[Captioned web image data]
▽

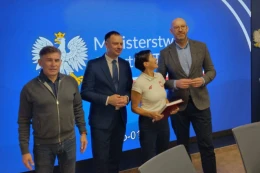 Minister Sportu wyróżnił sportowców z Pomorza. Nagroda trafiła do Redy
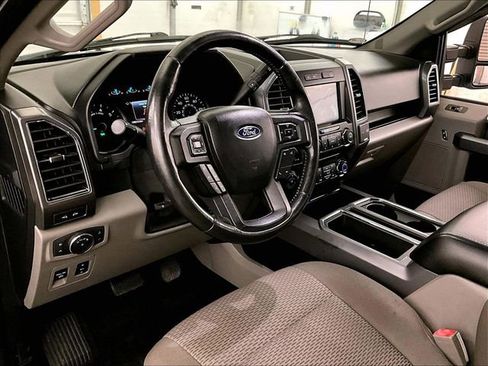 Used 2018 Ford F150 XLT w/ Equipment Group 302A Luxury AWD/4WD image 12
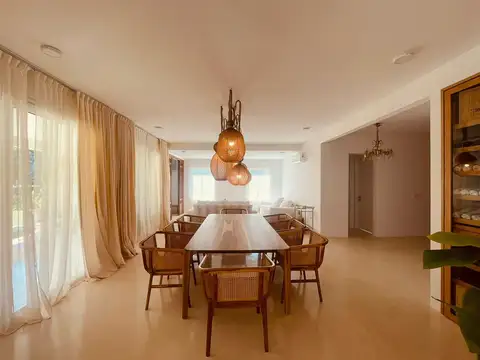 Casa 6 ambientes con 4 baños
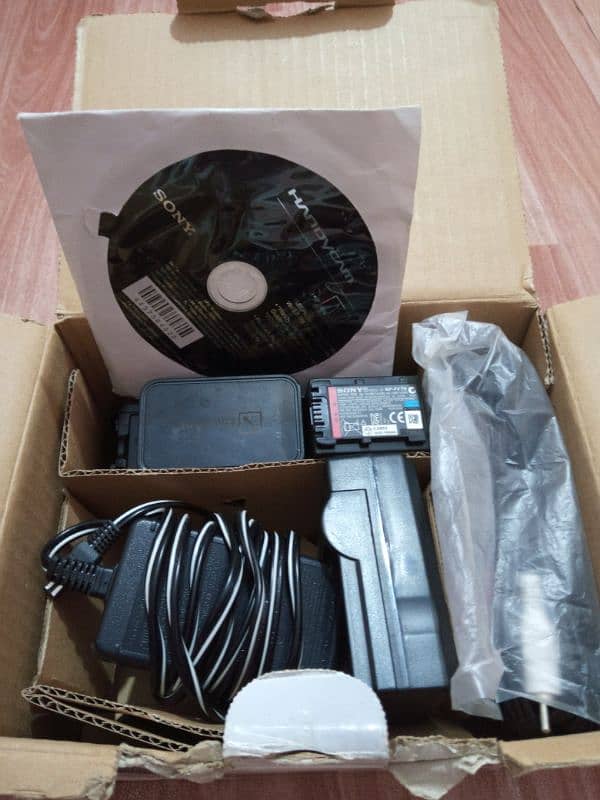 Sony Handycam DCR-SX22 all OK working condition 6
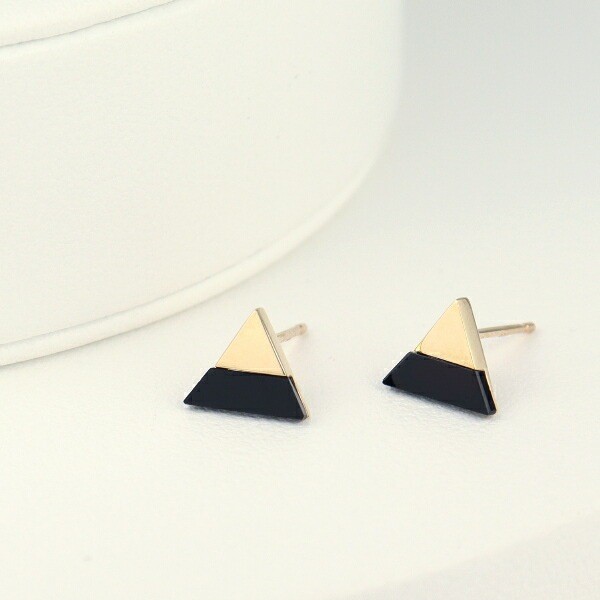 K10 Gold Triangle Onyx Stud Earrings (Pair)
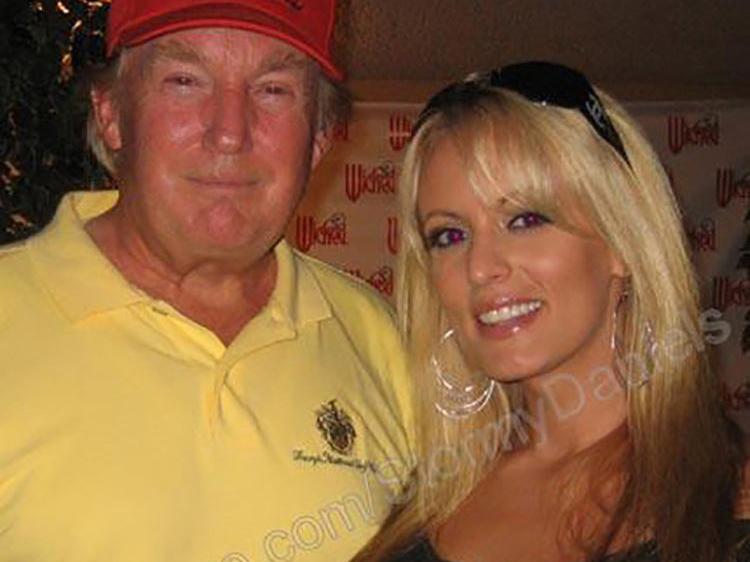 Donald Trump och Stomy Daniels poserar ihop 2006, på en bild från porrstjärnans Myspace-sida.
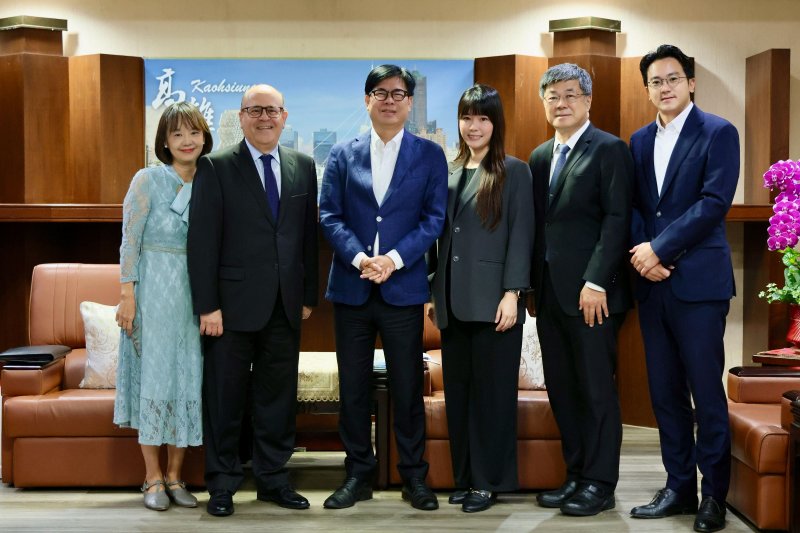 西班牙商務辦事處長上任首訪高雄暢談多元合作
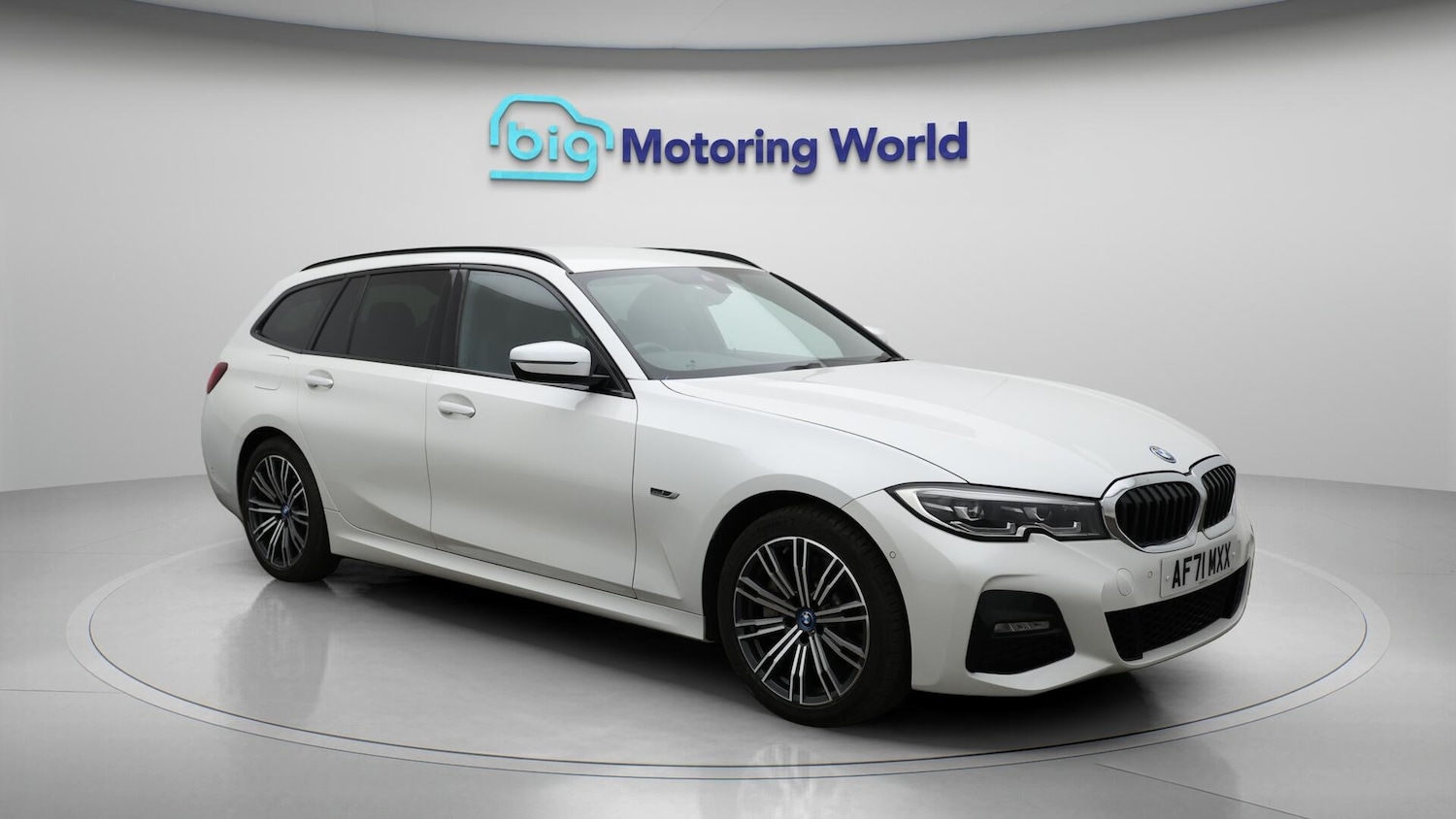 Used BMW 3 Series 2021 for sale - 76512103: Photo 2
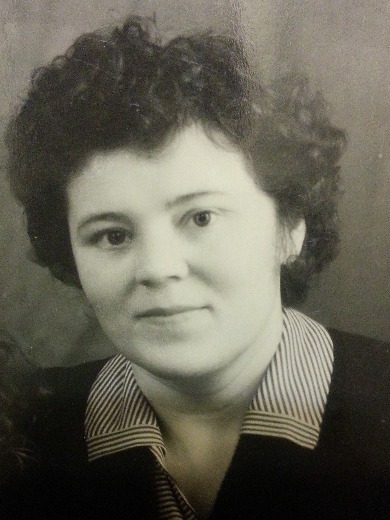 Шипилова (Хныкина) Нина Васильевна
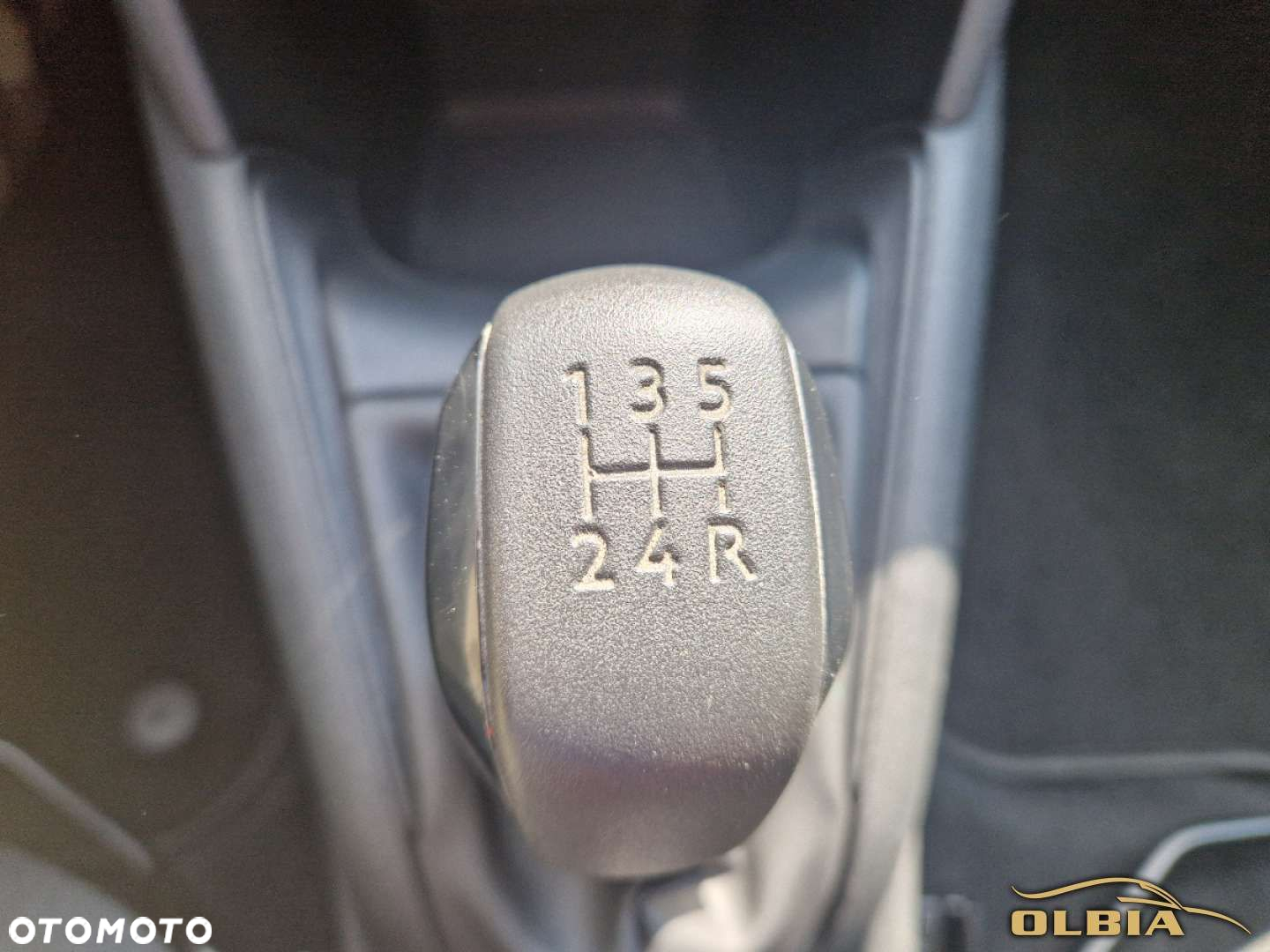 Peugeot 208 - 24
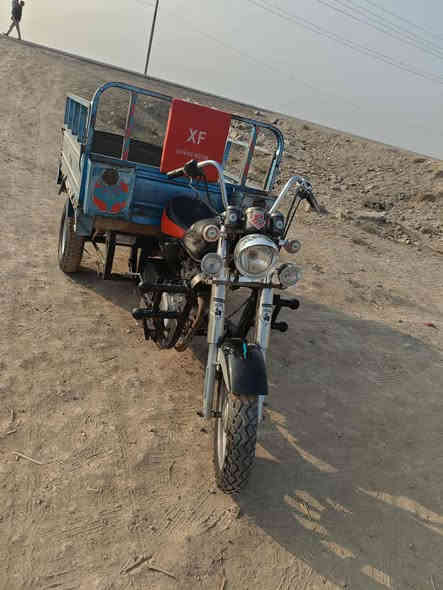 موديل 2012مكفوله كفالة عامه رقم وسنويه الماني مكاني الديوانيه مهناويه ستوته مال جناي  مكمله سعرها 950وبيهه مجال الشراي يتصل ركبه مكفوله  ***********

△

Transcribe the entries above verbatim, excluding any image.

TASK SOLUTION:
 Minister Sportu wyróżnił sportowców z Pomorza. Nagroda trafiła do Redy
 Used 2018 Ford F150 XLT w/ Equipment Group 302A Luxury AWD/4WD image 12
 Casa 6 ambientes con 4 baños
 Sony Handycam DCR-SX22 all OK working condition 6
 K10 Gold Triangle Onyx Stud Earrings (Pair)
 Donald Trump och Stomy Daniels poserar ihop 2006, på en bild från porrstjärnans Myspace-sida.
 西班牙商務辦事處長上任首訪高雄暢談多元合作
 Used BMW 3 Series 2021 for sale - 76512103: Photo 2
 Шипилова (Хныкина) Нина Васильевна
 Peugeot 208 - 24
 موديل 2012مكفوله كفالة عامه رقم وسنويه الماني مكاني الديوانيه مهناويه ستوته مال جناي  مكمله سعرها 950وبيهه مجال الشراي يتصل ركبه مكفوله  ***********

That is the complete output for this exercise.